# Mouse scrolling problem!



## flemzy (Jun 3, 2009)

Hello!

I'm having a scrolling problem with my mouse. Its Trust mouse btw. You can check it on www.trust.com/15348 . Thats what i use.
So the problem is, that when i scroll, up or down. It scrolls how it wants to. For example i want to go to the end of A4 page..it may sometimes take forever, because sometimes it goes up and than down, than more down, than up. 
Too jumpy.. it just scrolls however it wants..well it goes down and up..but it goes than both directions.. . Otherwise the mouse works fine, just this scrolling problem. And its not old too.. I bought it about 4 or 5 months ago. Or even earlier.

Help?


----------



## stressfreesoul (Mar 17, 2008)

Have you tried entering mouse settings to change the scroll settings?
Hold the *START* key and press *'R'*
In the dialogue box that appears type:
*main.cpl* then press enter.

On the Buttons tab you should have the option to change how many lines are scrolled with each movement of the scroll wheel.
Please return with results if this does nothing.


----------



## flemzy (Jun 3, 2009)

Nothing. Tried that before already. Still not scrolling properly. 
Its just..if i want to scroll down..it will go there, but not how its supposed to..its scrolling only when i scroll..but it goes how it wants..up and down, its like umm..twitching..


----------



## stressfreesoul (Mar 17, 2008)

Sounds as though its a fault with the mouse itself then. I suggest trying another mouse with a scroller to confirm it.


----------



## flemzy (Jun 3, 2009)

I took my old mouse out and tried with this. The wheel is working fine. But that mouse has a problem too XD , that the left clicker isn't clicking too well. So i have to push rel hard to do 1 click.
But i guess i should go on with my current mouse..just not using scrolling.

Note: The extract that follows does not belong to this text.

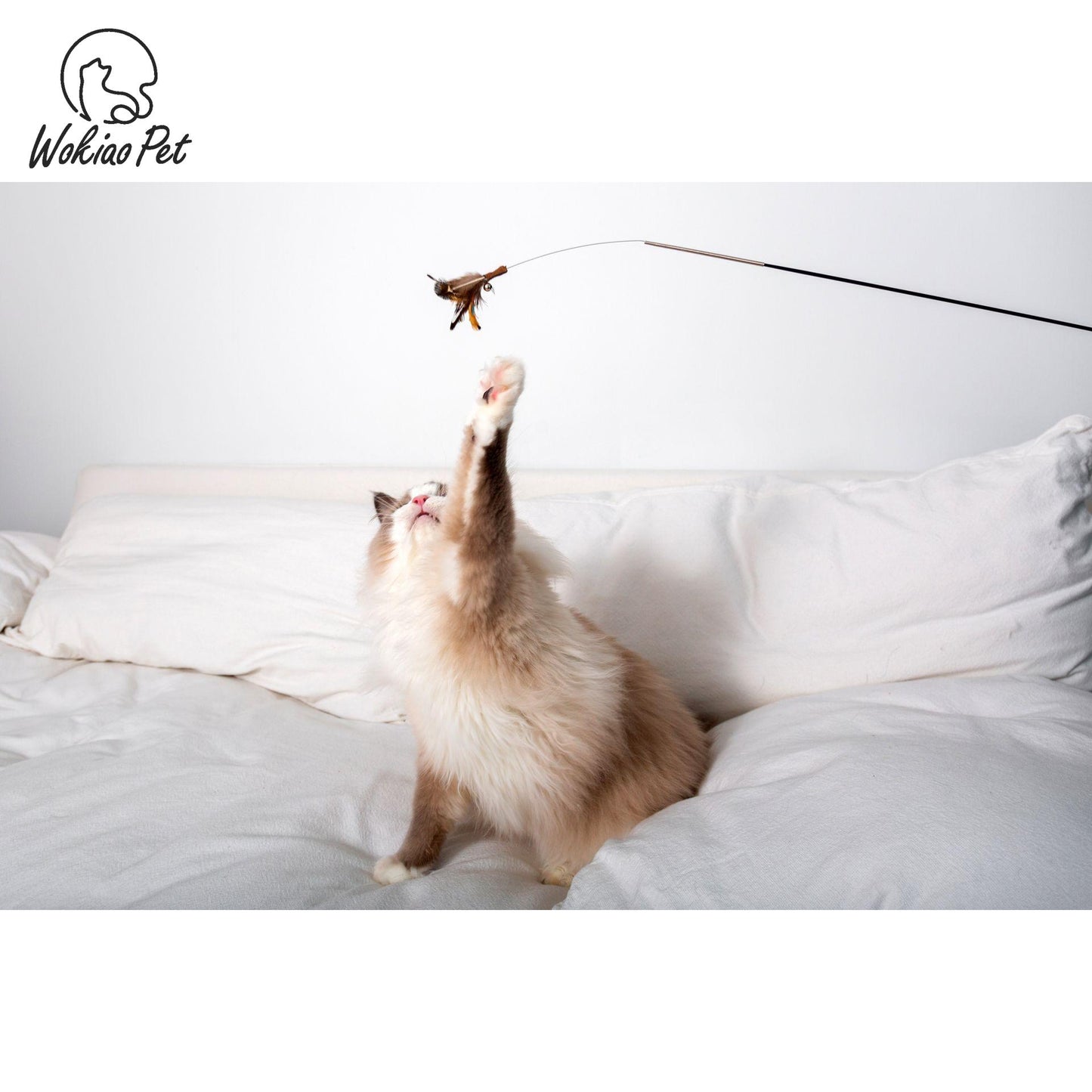 Photographer specialized race-level interactive cat wand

It makes me angry


----------



## random_ruan (Jun 1, 2009)

I think you should stop using a mouse, save up... buy a touch screen, and go download win7 Rc, that why you will eliminate the "mouse factor" lol


----------



## stressfreesoul (Mar 17, 2008)

If life was only that simple.
You can buy an optical mouse with scroll wheel for as little as $2 now.


----------



## flemzy (Jun 3, 2009)

We don't have dollars, we have other currency 
So i guess i'll buy a new mouse some day..


----------